* _PROBLEM TO WORK ON_: Exact retyping of the data: please keep every word and drop each picture.

* _GIVEN DATA_:
_____
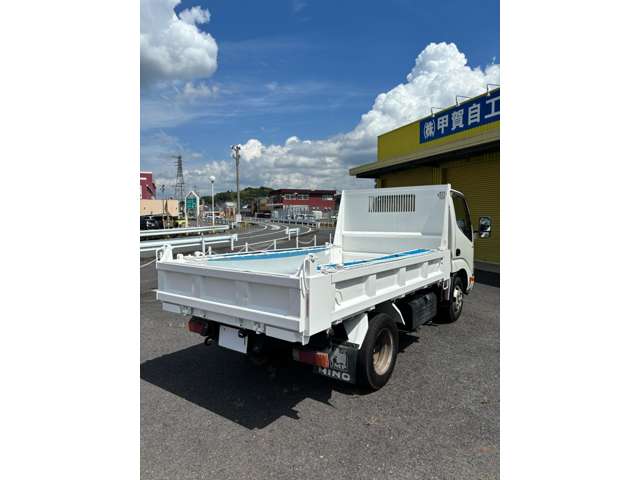 Hino Dutro 6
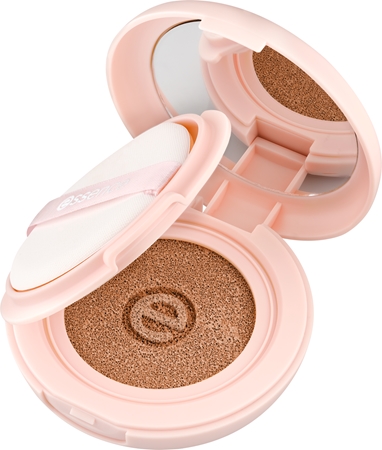 essence silky CUSHION FOUNDATION fond de teint en coussin à couvrance moyenne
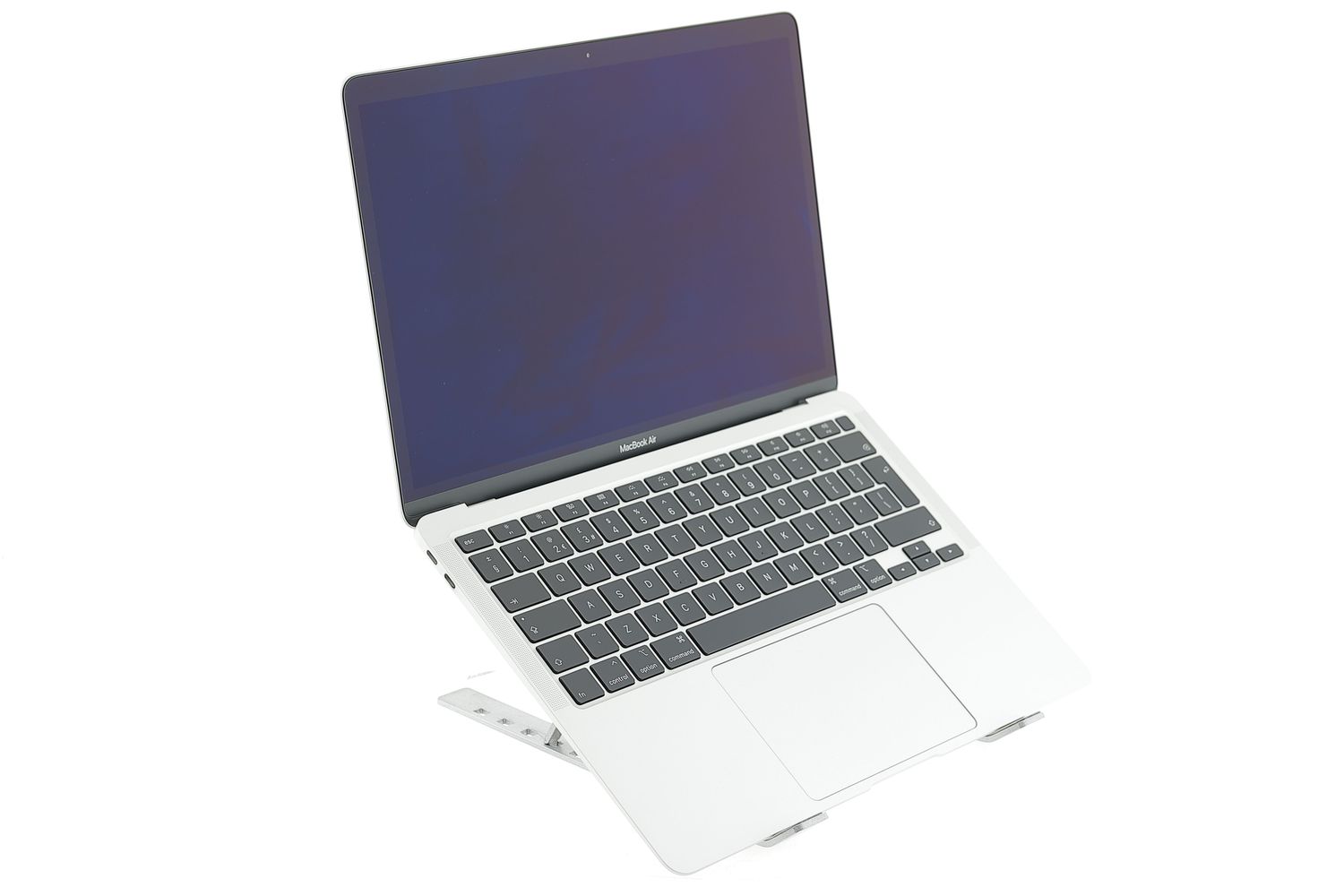 Apple MacBook Air 13″ 2020, i5 1.1 GHz, 8 GB, Intel Iris Plus 256 GB Silver - Ca nou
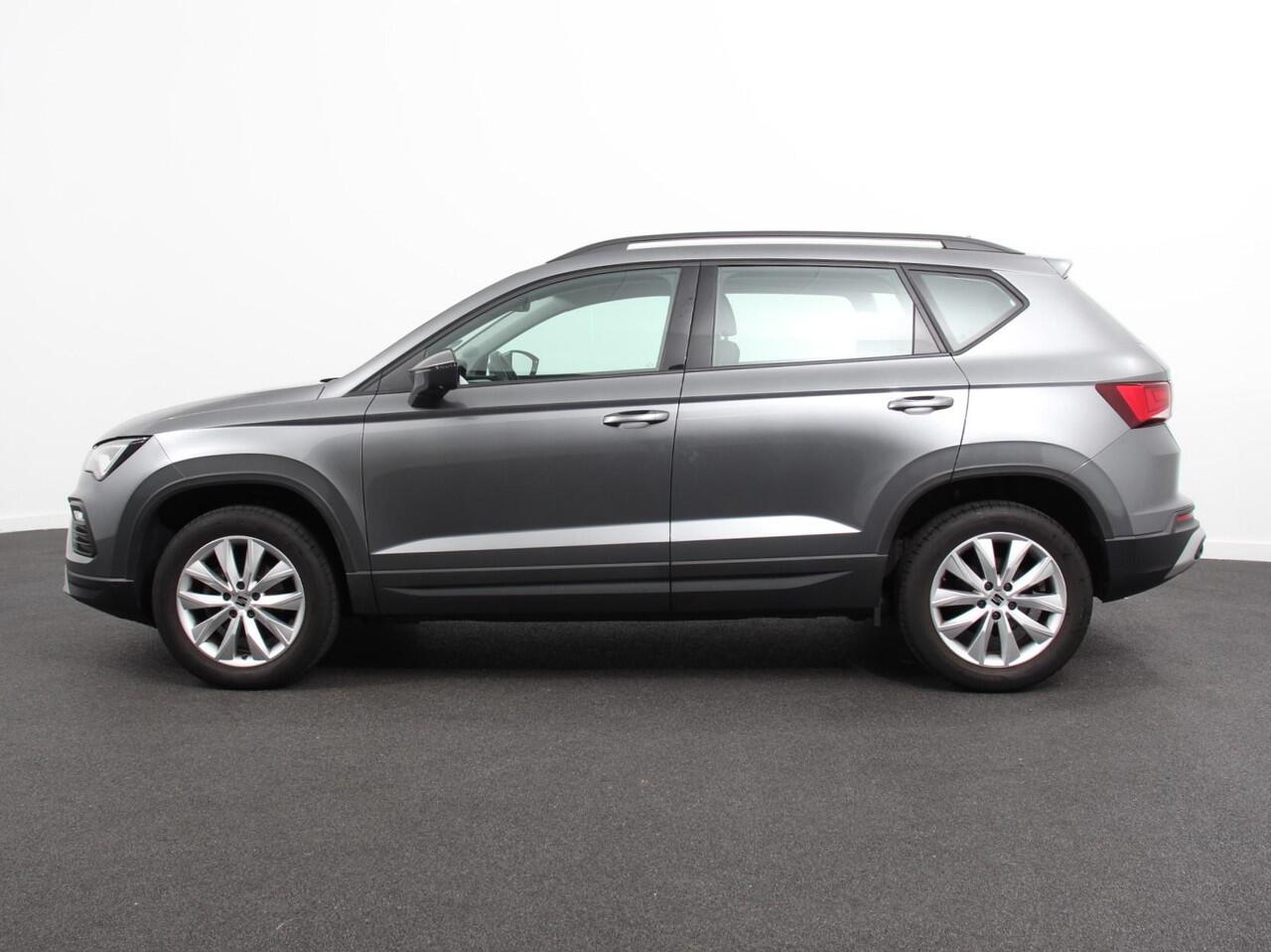 Seat ATECA 1.5 TSI Style Business Intense Climate control Cruise control Keyless start Verwarmde voorstoelen Verwarmde stuur LED Parkeersensoren achter Apple Carplay/ Android Auto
_____
* _SOLVED EXERCISE_:
 Hino Dutro 6
 essence silky CUSHION FOUNDATION fond de teint en coussin à couvrance moyenne
 Apple MacBook Air 13″ 2020, i5 1.1 GHz, 8 GB, Intel Iris Plus 256 GB Silver - Ca nou
 Seat ATECA 1.5 TSI Style Business Intense Climate control Cruise control Keyless start Verwarmde voorstoelen Verwarmde stuur LED Parkeersensoren achter Apple Carplay/ Android Auto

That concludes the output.